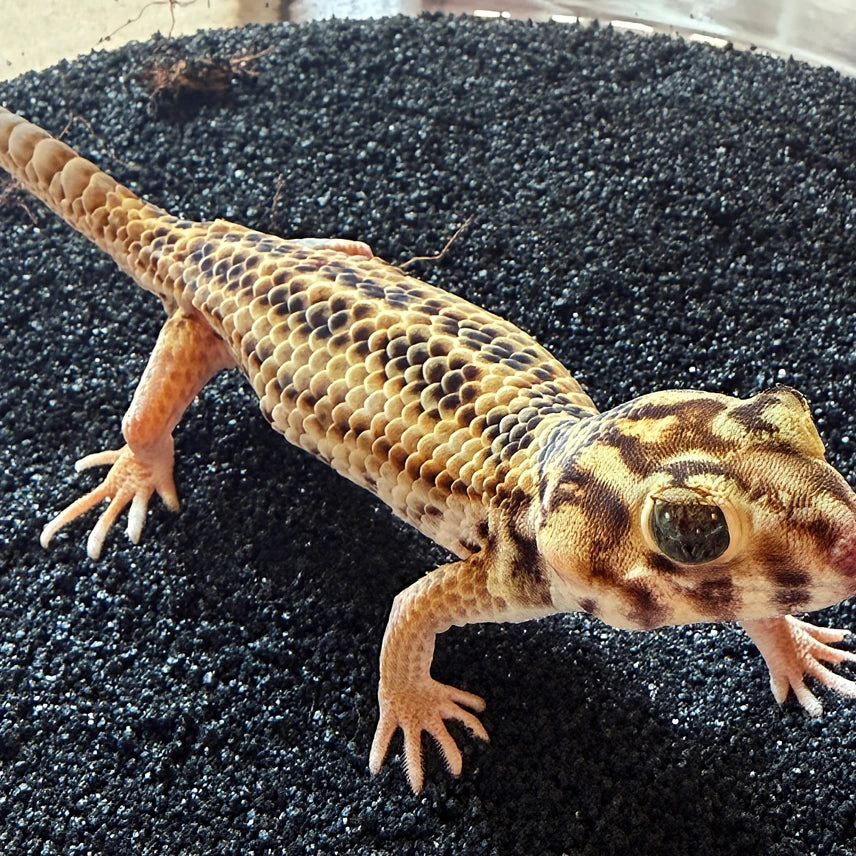 Frog Eyed Gecko (Teratoscincus Scincus)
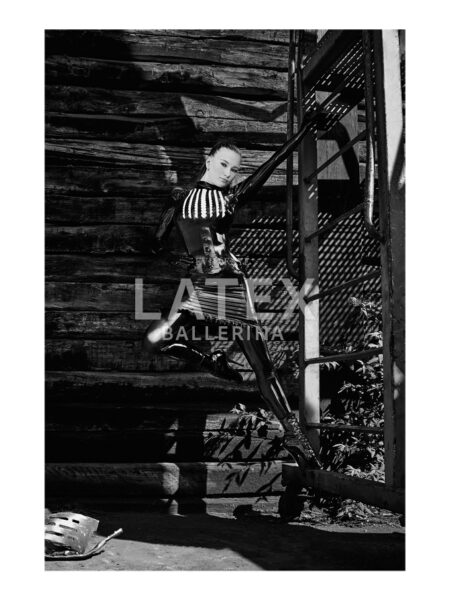 Signed Print "Swing and Shine"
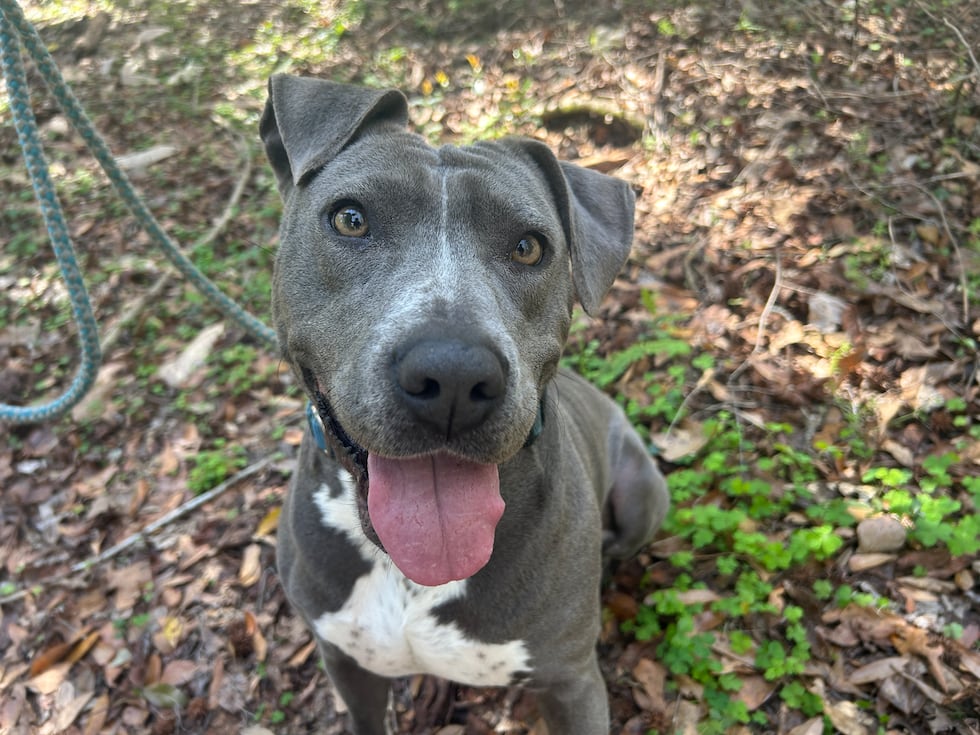 Wilma is friendly, easy going and loves snuggling up for sleepovers!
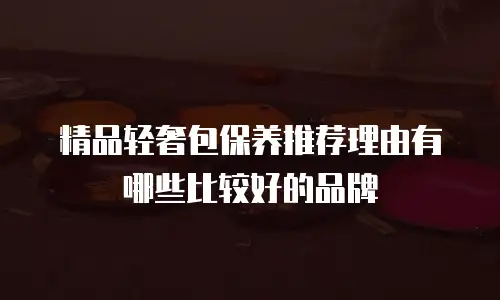 精品轻奢包保养推荐理由有哪些比较好的品牌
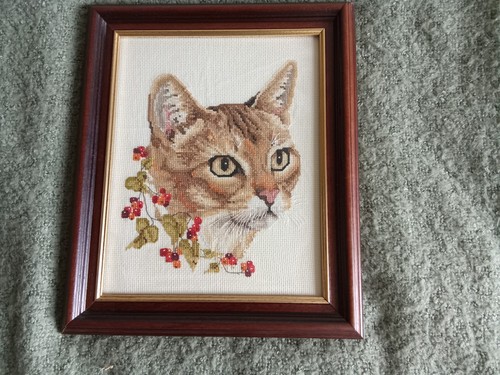 Tabby cat framed - tabby,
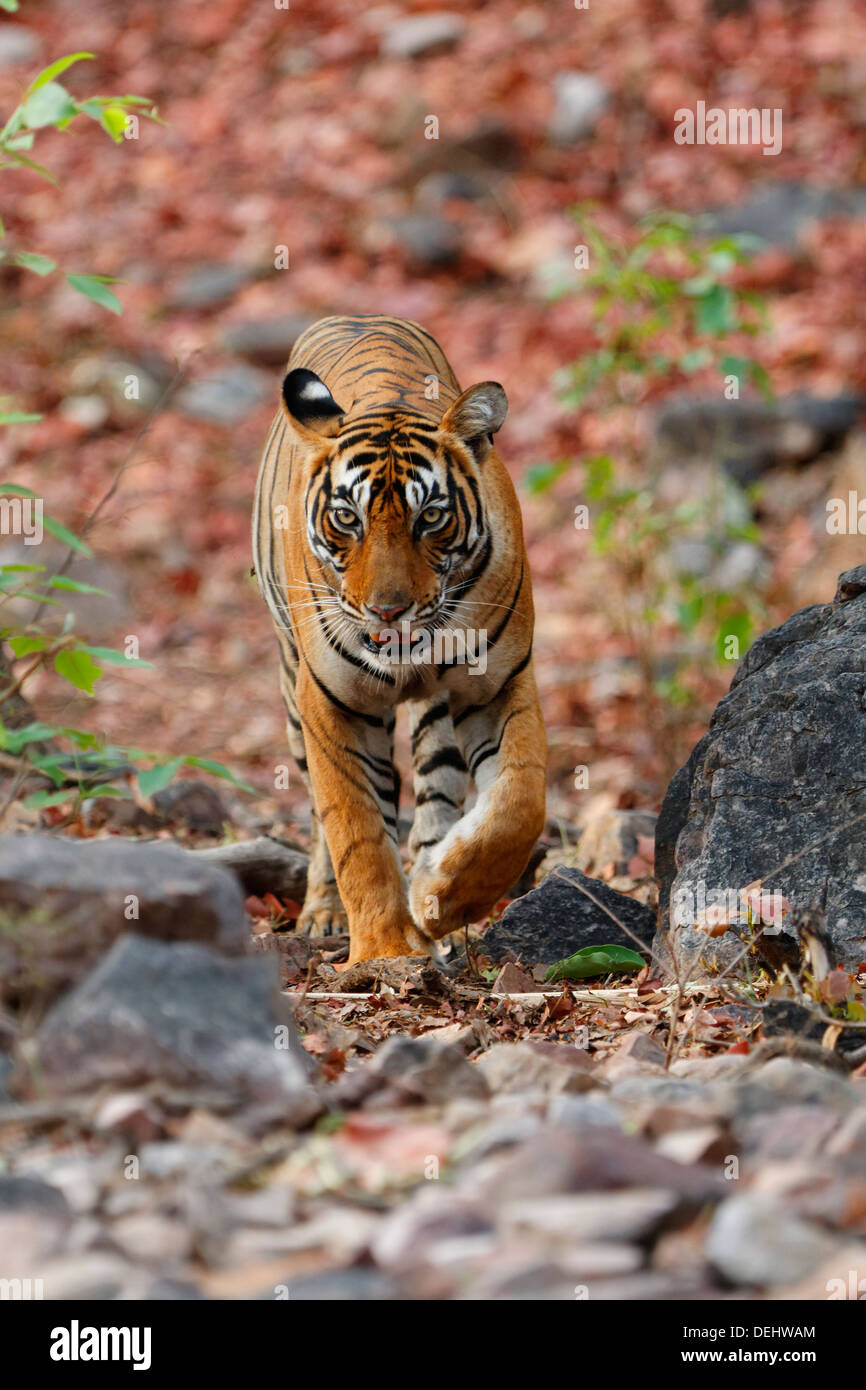 Tigre del Bengala a Ranthambhore foresta, Rajasthan, India. ( Panthera Tigris ) Foto Stock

WORK INSTRUCTIONS: Would you give the data above again word for word, skipping any images?

TASK RESULT:
 Frog Eyed Gecko (Teratoscincus Scincus)
 Signed Print "Swing and Shine"
 Wilma is friendly, easy going and loves snuggling up for sleepovers!
 精品轻奢包保养推荐理由有哪些比较好的品牌
 Tabby cat framed - tabby,
 Tigre del Bengala a Ranthambhore foresta, Rajasthan, India. ( Panthera Tigris ) Foto Stock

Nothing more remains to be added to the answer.